Use of the Company's services or equipment for creating or sending Internet viruses, worms or Trojan horses, or for pinging, flooding or mail bombing, or engaging in denial of service attacks is prohibited. It is also prohibited for any Client to engage in other activity that is intended to disrupt or interfere with, or that results in the disruption of or interference with, the ability of others to effectively use the Company's services and equipment (or any connected network, system, service or equipment) or conduct their business over the Internet.
All the Company's Clients are subject to the requirements of the Digital Millennium Copyright Act (“DMCA”). The DMCA sets forth the law regarding the use of copyrighted materials on the Internet. Individuals or entities submitting notifications of copyright infringement by the Company's Client (per the DMCA) to the Company must follow the below procedures. Copyright infringement notifications submitted to the Company according to these procedures will be processed within 21 days of receipt. Clients who are the subject of a DMCA notification that meets the below criteria may be subject to account termination at the Company's sole discretion.
DMCA Copyright Infringement Notification Requirements:
Email correspondence pertaining to DMCA issues can be held by emailing: [email protected]
The Company shall use reasonable endeavors to perform the services and shall, as soon as reasonably practicable following receipt of an Order, provide the Client with a user identification, password for the web space and web site support toll-free and tolled number. The Company accepts no liability in respect of any loss incurred as a result of disclosure of the Clients' password.
The Company gives no warranty that access to its Server(s) and the Client’s web site shall be uninterrupted or error-free. For the avoidance of doubt, any standards relating to the availability of the Services contained in the standards of service are targets. While the Company shall use reasonable endeavors to achieve the targets, any failure by the Company to achieve the targets shall not constitute a breach of contract. The Company accepts no liability for any loss whatsoever suffered by the Client, in the event that the services are interrupted, are not error free or if the Company fails to achieve any targets as set out in the standards of service.
During the term of the agreement, the Company shall make available to the Client the web statistics.

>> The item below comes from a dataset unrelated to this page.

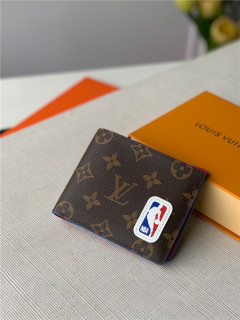 루이** NBA 멀티플 모노그램 반지갑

The Company shall use reasonable endeavors to ensure that the web statistics are accurate but the Company accepts no liability for any loss whatsoever, suffered by the Client, as a result of its reliance on the content of the web statistics.
By submitting an order the Client provides the Company with certain personal information or data. It is the responsibility of the Client to keep the personal data provided to the Company up to date. The Company will comply with all applicable data protection legislation. Any personal data will not be passed to third parties without the prior consent of the Client other than as set out below. If the Client breaches the Agreement or otherwise jeopardizes or compromises the integrity of the Company's network, the Company may take whatever steps it considers appropriate, to investigate and resolve any such matter. Without limitation, the Client authorizes the Company to use the Client's personal data and other information relating to the use of the Services in connection with any such investigation, including by disclosing it to any third party which has a legitimate interest in any such investigation or outcome.

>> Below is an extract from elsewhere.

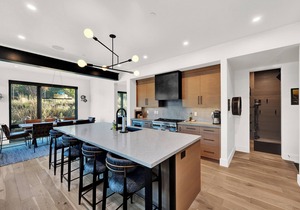 Brand New Luxury Ski-In Townhome w Private Hot Tub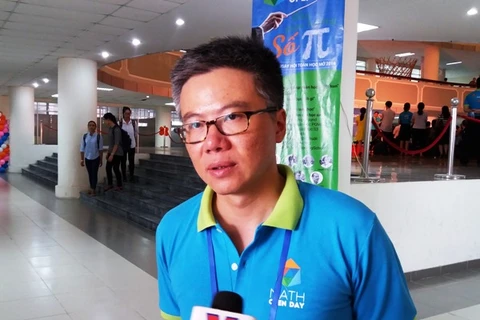 Giáo sư Ngô Bảo Châu chia sẻ với báo chí bên lề chương trình Ngày hội toán học mở. (Ảnh: Phạm Mai/Vietnam+)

The Client may be subject to a standard credit check. The information that the Client provides may be disclosed to a licensed credit reference agency which will retain a record of the search, and the Client authorizes the Company to make such disclosures.

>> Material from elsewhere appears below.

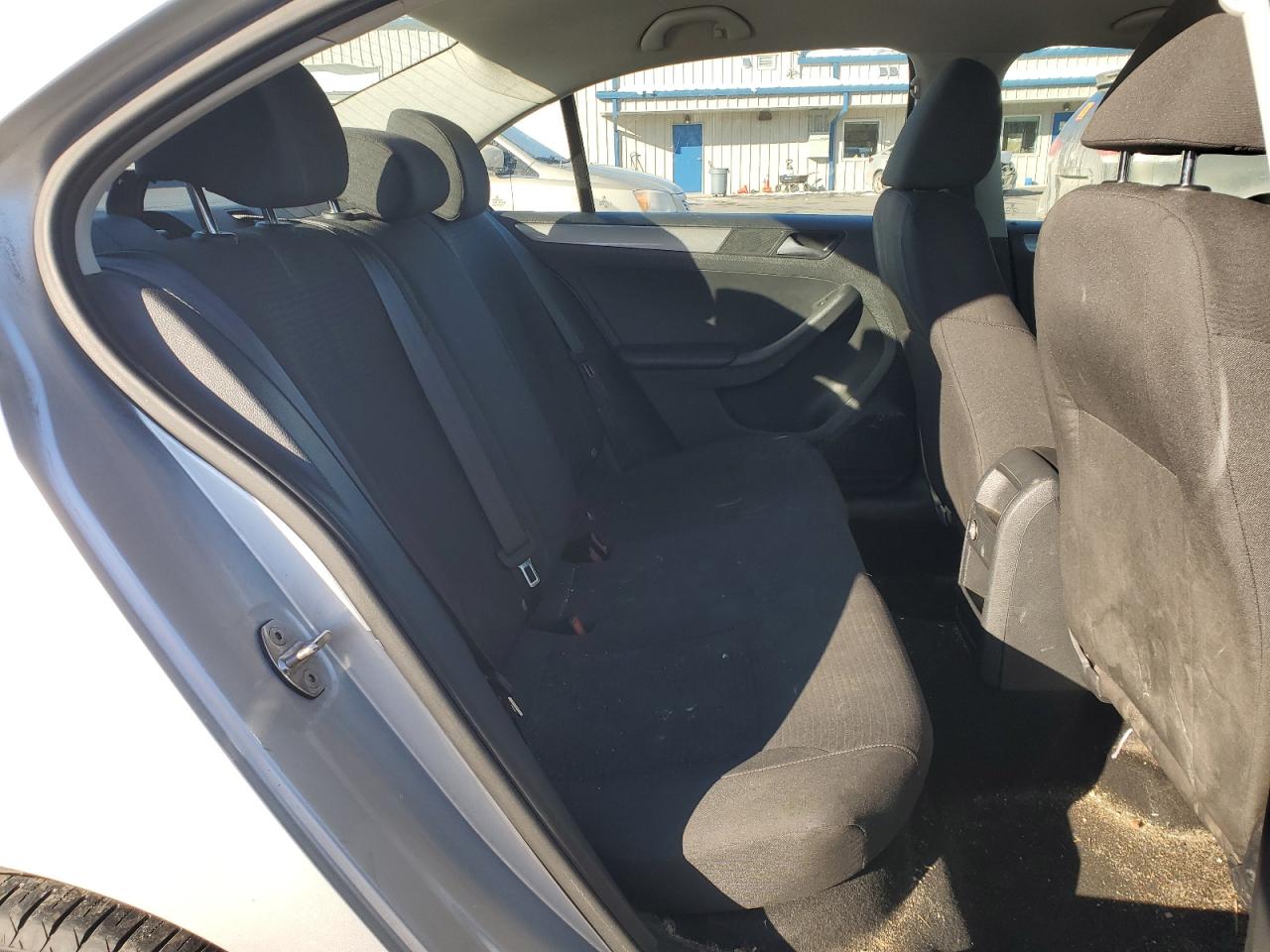2015 Volkswagen Jetta - Image 10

When submitting an order, the Client will select the type of services which it requires and in particular the Client will specify, from the available options, the level of Web Space sought. Depending on the type of Services selected and in line with the amount of web space required the Client will also be subject to an appropriate web space limit, data Transfer Limit and in certain circumstances a database capacity limit ("the limits"). In the event that the Client, during the term, exceeds its allocated limits, the Company will be entitled to do the following:
Where the Client is exceeding any one of the limits the Company shall inform the Client of this by email ("Initial Email"). The Initial Email shall request that the Client rectify the situation by either complying with the Limits or by requesting an upgrade within a period of 7 (seven) days from the date of the Initial Email. In the event that the Client fails to request an upgrade and continues to exceed any one of the limits at the end of the 7 day period, the Company may automatically apply an upgrade to the Client's Services at the Company. Such upgrade will occur no sooner than 7 days following the date of the Initial Email. Once an upgrade has been completed, the Client will be liable to pay any additional Fees to the Company as applicable as stated in the billing policy.
Where the Client is exceeding either the web space limit or the database capacity limit, the Company shall be entitled to limit the account. The Client will be notified of such limitations by email. Following such limitation, the Client shall contact the Company to advise whether it wishes to request an upgrade or remedy the situation by complying with either the web Space Limit or Database Capacity limit. During any such period of limit and for the remainder of the term, the Client will be liable to pay to the Company all Fees due.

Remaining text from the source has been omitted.